Task brief: A stretch of the entries below is to be set down exactly, running from the line with "Myggnät Fönster, 3" through the line with "Fluffy Handcuffs Metal", both included, and no other line.

Entries supplied:
■ ■ ■ ■ ■
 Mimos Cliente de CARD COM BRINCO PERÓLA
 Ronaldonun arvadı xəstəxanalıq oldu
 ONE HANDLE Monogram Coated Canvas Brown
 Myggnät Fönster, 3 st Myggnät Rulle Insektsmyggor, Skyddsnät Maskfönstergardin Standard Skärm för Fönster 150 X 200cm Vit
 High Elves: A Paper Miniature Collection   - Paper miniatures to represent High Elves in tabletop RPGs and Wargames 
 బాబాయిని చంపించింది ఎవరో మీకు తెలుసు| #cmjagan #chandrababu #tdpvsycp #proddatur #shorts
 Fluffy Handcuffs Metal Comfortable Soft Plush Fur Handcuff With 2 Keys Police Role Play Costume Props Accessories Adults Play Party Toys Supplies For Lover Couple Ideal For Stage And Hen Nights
■ ■ ■ ■ ■
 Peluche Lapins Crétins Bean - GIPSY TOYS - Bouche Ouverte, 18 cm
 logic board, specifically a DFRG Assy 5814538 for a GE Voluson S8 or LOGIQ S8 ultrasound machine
■ ■ ■ ■ ■
Response area:
 Myggnät Fönster, 3 st Myggnät Rulle Insektsmyggor, Skyddsnät Maskfönstergardin Standard Skärm för Fönster 150 X 200cm Vit
 High Elves: A Paper Miniature Collection   - Paper miniatures to represent High Elves in tabletop RPGs and Wargames 
 బాబాయిని చంపించింది ఎవరో మీకు తెలుసు| #cmjagan #chandrababu #tdpvsycp #proddatur #shorts
 Fluffy Handcuffs Metal Comfortable Soft Plush Fur Handcuff With 2 Keys Police Role Play Costume Props Accessories Adults Play Party Toys Supplies For Lover Couple Ideal For Stage And Hen Nights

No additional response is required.